Y hay que saber comprender esta procedencia para discernir las diversas autoridades.
El Poder Absoluto sólo está en Dios. Los demás poderes son relativos, son dependientes del Poder de Dios.
Con
el Poder de Dios se obra cualquier bien, divino y humano. Con el poder
de los demonios sólo se puede obrar el mal. Con el poder de los hombres
se obran bienes y males. Y todo bien procede de Dios, es ordenado por
Dios.
En
la Iglesia sólo se posee el Poder de Dios. No se posee el poder humano.
Los poderes humanos emanan de la Autoridad Divina, que el Papa tiene.
Ese Poder Divino en la Iglesia es Absoluto, no relativo. Descansa sobre
un hombre, y lo guía para que ejerza en la Iglesia tres órdenes
distintos: enseñar la Verdad, guiar en la Verdad, santificar con la
Verdad.
En
el mundo sólo se posee el poder humano, nunca el poder divino. Ese
poder humano depende, en todo, del Poder de Dios. Está sometido a ese
Poder. Y, por tanto, su fin humano-temporal está subordinado al fin
divino sobrenatural. Y, por tanto, en el Estado hay una vida religiosa,
hay unos fines espirituales, hay un camino en la verdad: «La
justicia y la razón prohíben, por tanto, el ateísmo del Estado, o, lo
que equivaldría al ateísmo, el indiferentismo del Estado en materia
religiosa y la igualdad jurídica indiscriminada de todas las religiones»
(León XIII – Libertas)
Dios
creó al demonio con una libertad dependiente de la divina.

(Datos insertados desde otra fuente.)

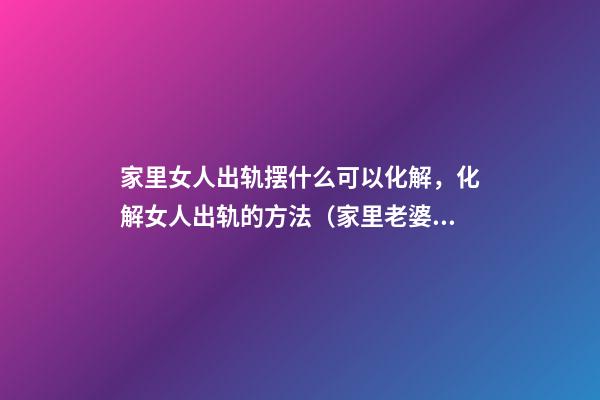家里女人出轨摆什么可以化解，化解女人出轨的方法（家里老婆出轨摆什么可以化解）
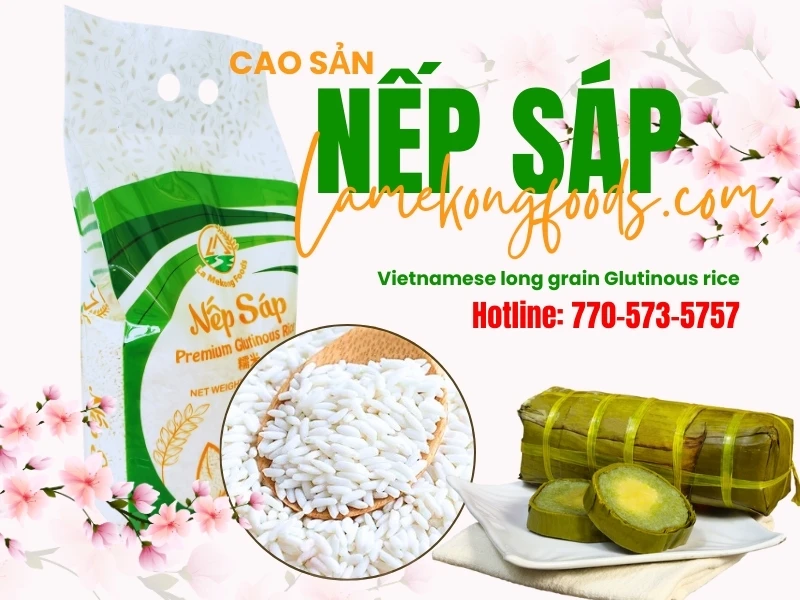 Vietnamese long grain Glutinous rice / NẾP SÁP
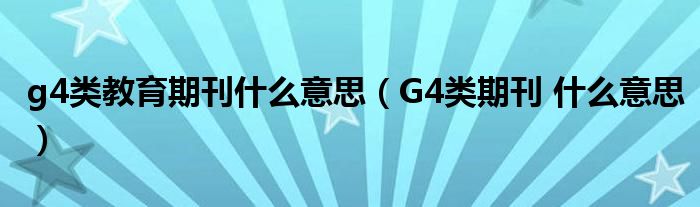 g4類教育期刊什么意思（G4類期刊 什么意思）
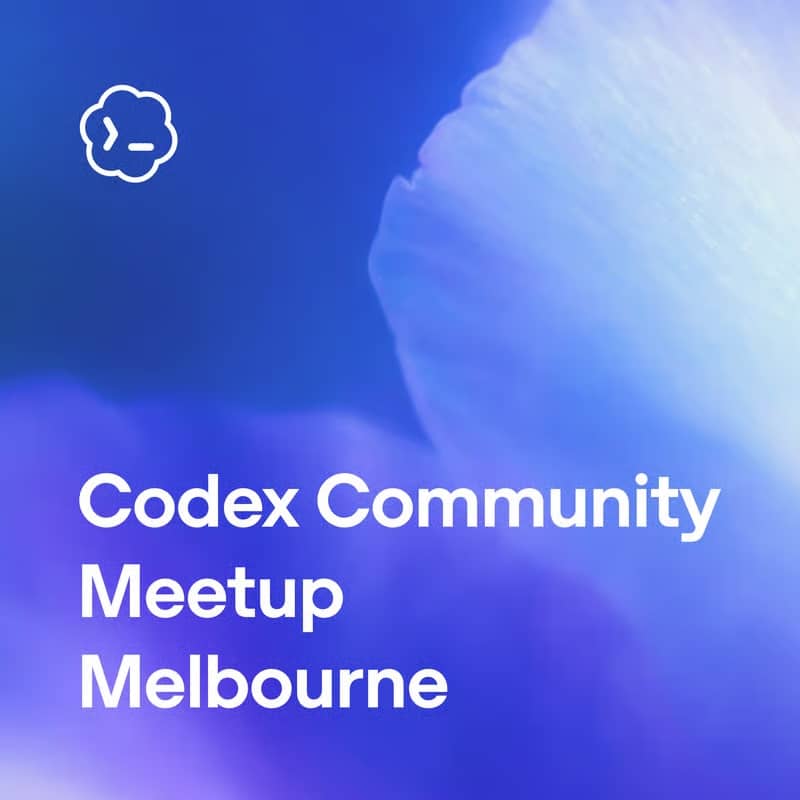 Codex Community Meetup – Melbourne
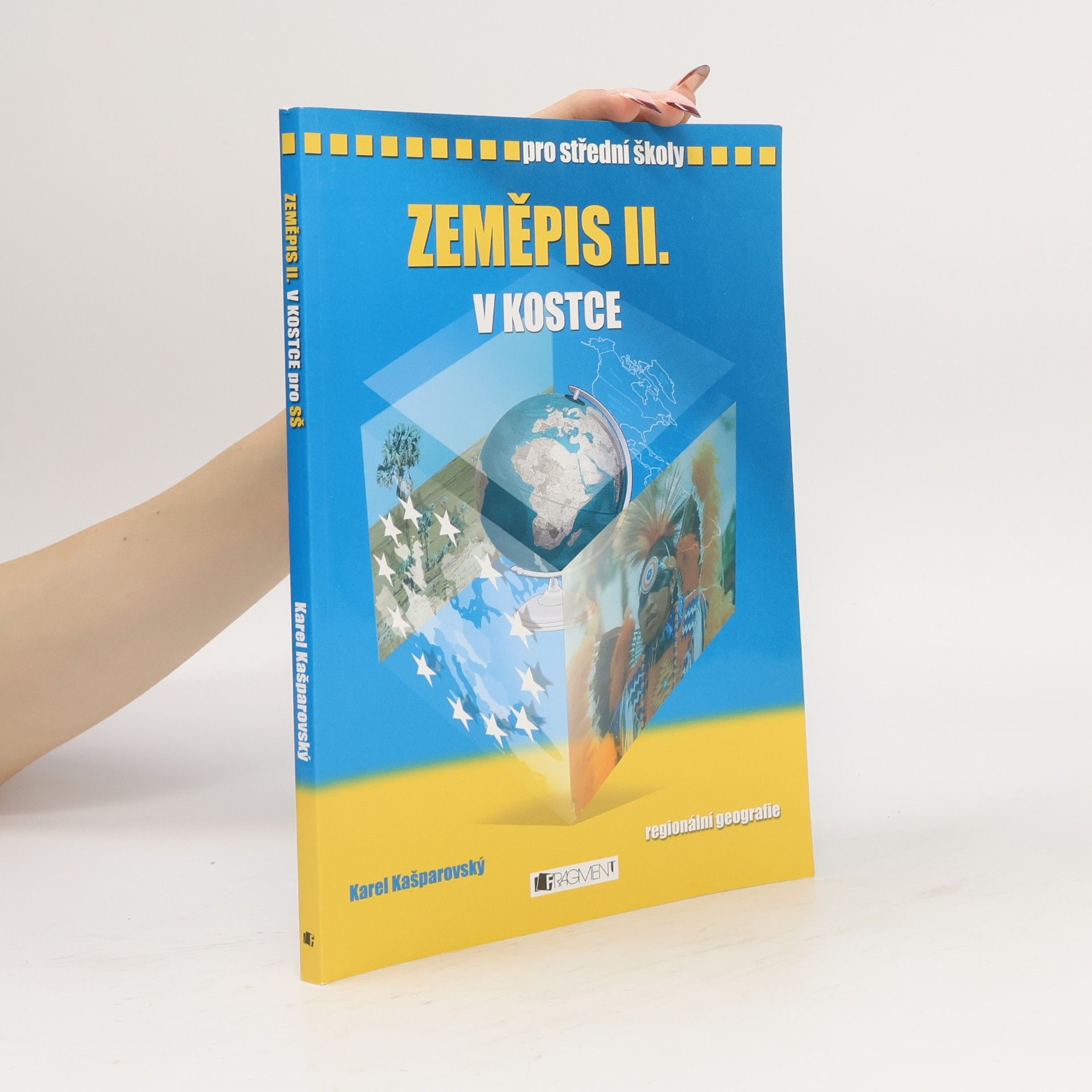 Karel Kašparovský Zeměpis II. v kostce. Regionální geografie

El demonio
pecó con su libertad, y obra el mal con ella. Obra con el poder de su
libertad. Obra para hacer el mal. No puede, con ese poder, hacer ningún
bien. Es el Misterio del Mal.
La
libertad es un poder, es algo más que una elección hacia el mal o hacia
el bien. Se obra un mal o un bien porque se puede. Hay un poder. Y se
obra, ese bien o ese mal, con la voluntad de la criatura. En la voluntad
está la elección hacia el bien o hacia el mal. Pero en la libertad está
el poder.
Dios ha hecho libres a los hombres: eso es un poder, una autoridad, un gobierno.
Dios ha dado a los hombres la capacidad de elegir: eso no es un poder, sino una voluntad.
Los
hombres se salvan o se condenan por su voluntad, no por su libertad. No
se es libre para condenarse o salvarse. Se es libre para ejercer una
salvación o una condenación. Se es libre para poner en obra una elección
de la voluntad.
Por
eso, aquellos hombres que sólo miran la libertad como una conquista en
sus vidas, viven de una utopía, de un engaño, de una falsedad. Hoy los
hombres quieren ser libres, pero no quieren decidir nada en sus vidas:
eso es la utopía, la fábula que muchos hombres viven.
Si
el hombre, primero, no decide un bien o un mal, no puede ejercer su
libertad, su poder. Se quiere ser libre porque el pensamiento busca una
razón para ser libre: se vive la idea de la libertad, pero no se es
libre.
Muchos
hombres luchan por una idea del bien, pero no son buenos. Otros, por
una idea del mal, pero tampoco son malos. Otros por una idea de la vida,
pero no saben vivirla. Otros por una idea de la sociedad, pero no saben
ser sociables.
Porque
la libertad no está en la razón del hombre. La mente del hombre no es
libre. No está hecha para la libertad. Es lo que muchos hombres no
comprenden. La mente del hombre está hecha para la Verdad, para
conquistar la Verdad, para llegar a la Verdad. La razón no descansa, en
su juicio, hasta que no tenga la Verdad Plena. Por eso, en la vida de
todo hombre no puede haber rutinas, descansos en la mentira,
entretenimientos en filosofías que no llevan a nada. En la vida de los
hombres tiene que existir siempre la búsqueda de la Verdad, porque no es
el hombre el que posee la Verdad, sino que es la Verdad la que posee al
hombre: «Ciertamente, no somos nosotros quienes poseemos la
verdad, es ella la que nos posee a nosotros: Cristo, que es la Verdad,
nos ha tomado de la mano, y sabemos que nos tiene firmemente de su mano
en el camino de nuestra búsqueda apasionada del conocimiento» (S. S. Benedicto XVI – Discurso a la Curia Romana con motivo de la Navidad 2012 – 21 de diciembre del 2012).
El
hombre soberbio nunca es poseído por la Verdad, porque está dando
vueltas a su mente humana, y llama a sus ideas como verdaderas: descansa
en sus ideas. Ya no lucha por la Verdad. Ya no vive caminando tras la
Verdad. Ya no le interesa conocer la Verdad.
La Verdad es para la razón del hombre. Y conseguir la Verdad hace al hombre libre: «y conoceréis la Verdad, y la Verdad os librará»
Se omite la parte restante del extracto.